第27話 失明の恐れ

 お昼過ぎになりフルールの意識は戻ったが···暗くて何も見えないと言っている。

 マリエラはフルールの容態を直ぐに使用人に告げた。使用人は慌てて男爵の執務室に駆け込み、フルールの容態を告げ、再び医者の手配をした。


 医者が到着し、フルールの容態を確認していた。

「見えないだけなのかい?耳は聞こえる?何か食べたの?」

「はい。見えないだけで、耳も聞こえるし、ご飯も少し食べました」

「···そうか。まだ、起きたばかりだから、明日になればもう少し見えるようになるかも知れないからね。お薬を飲んで、ご飯を食べるんだよ」


 医者はマリエラに手招きし、部屋の外まで呼び寄せた。

「あの娘はこのまま、見えるようにならないかもしれないよ」

「えっ···それは···どうしたらいいのでしょう?」

「少しの間は安静にして、薬を続けてみてくれる?」

「はい、わかりました。家には帰れますか?」

「どうだろう?男爵に相談しないといけないね。今から、行ってくるよ」

「お願いします」

 マリエラは医者に頭を下げ、直ぐにフルールの元に戻った。


 医者は男爵に話をしていた。

「男爵様、困ったことにあの娘は失明するかもしれません」

「なんだと!家に帰せないじゃないか···」

「私が親御さんに説明に行きましょうか?」

「いや···。この事は他言無用だ」

「仰せのままに」

「治療は続けてくれ」

「はい」

 男爵は頭を抱えていた。男爵領の中心の街ノクスの建設ギルドには、強く出られない。

 男爵の地位を持っても、ギルドを軽くみることは出来ない。


 男爵はジャンにフルールをもう少し預かるという手紙を書いて、郵便係に渡した。


 男爵はスランに薬を売った商人を探そうとしたが、スランも平民である商人の容姿や名前も覚えておらず、何人も出入りしている商人を特定することは難しかった。
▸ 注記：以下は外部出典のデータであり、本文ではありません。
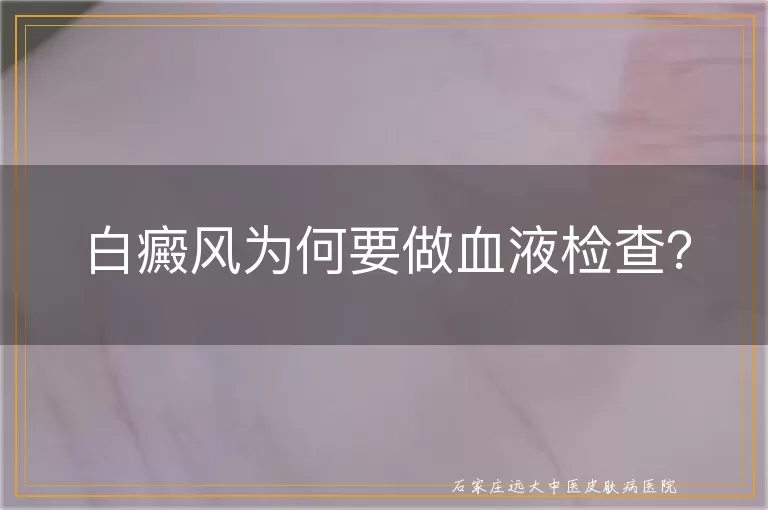 白癜风为何要做血液检查？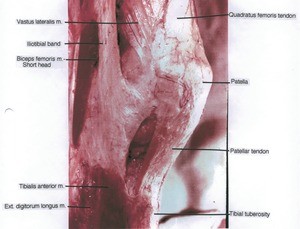 Natural color photograph of right knee, latero-anterior view, showing bones and muscles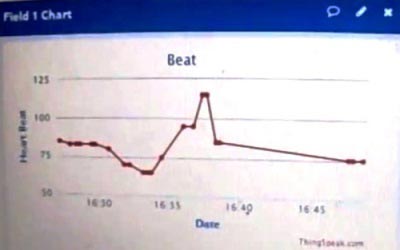 Arduino-based-Heart-rate-monitoring-over-thingspeak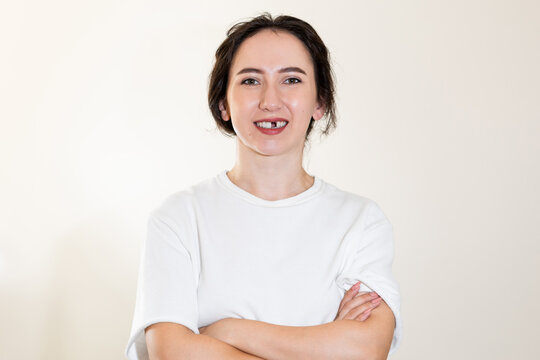 Mature Caucasian brunette woman missing a front tooth. Adult toothless woman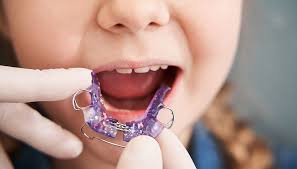 детская пластина для зубов 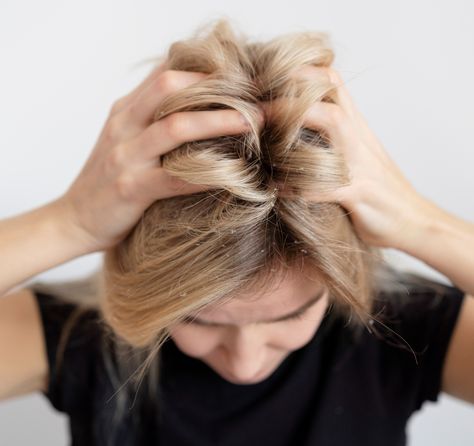 5 Best Itchy Scalp Shampoos, According to Master Trichologist Itchy Flaky Scalp, Shampoo For Itchy Scalp, How To Treat Dandruff, Scalp Itch, Shampoo For Dry Scalp, Dry Itchy Scalp, Scalp Shampoo, Hair Care Brands, Anti Dandruff Shampoo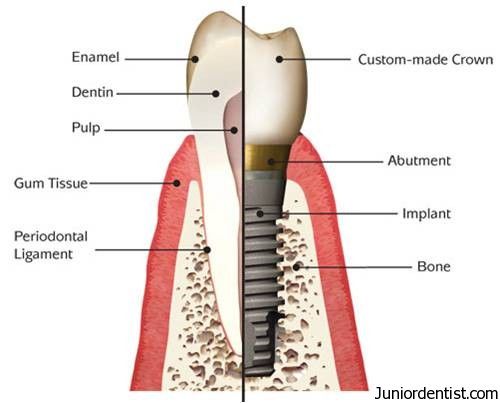Definitions of implantology and implant dentistry; Historical overview; Current   status of dental implants. Classification and Definitions of Dental Implants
 フルールは熱が上がったり下がったりを繰り返し、視力は戻らず一週間が過ぎようとしていた。

 誕生日会に呼ばれていた楽団や劇団員も、既に皆帰っていて、周りは静かになっていた。

 フルールは家が恋しくなり、夜になると泣くようになっていた。マリエラは慰めていたが、精神的にも限界だった。


 男爵はフルールが毒を飲まされた事が外に漏れるのを恐れていたので、家に帰すことを渋っていた。

 跡継ぎのポルトや結婚前のスランに悪い評判が流れるのを止めたかった。

 男爵はこのまま密かにフルールを隠そうと思っていた。


 マリエラは嫌な予感がしていたので、顔見知りになった商人に、ジャン宛の手紙を言付けていた。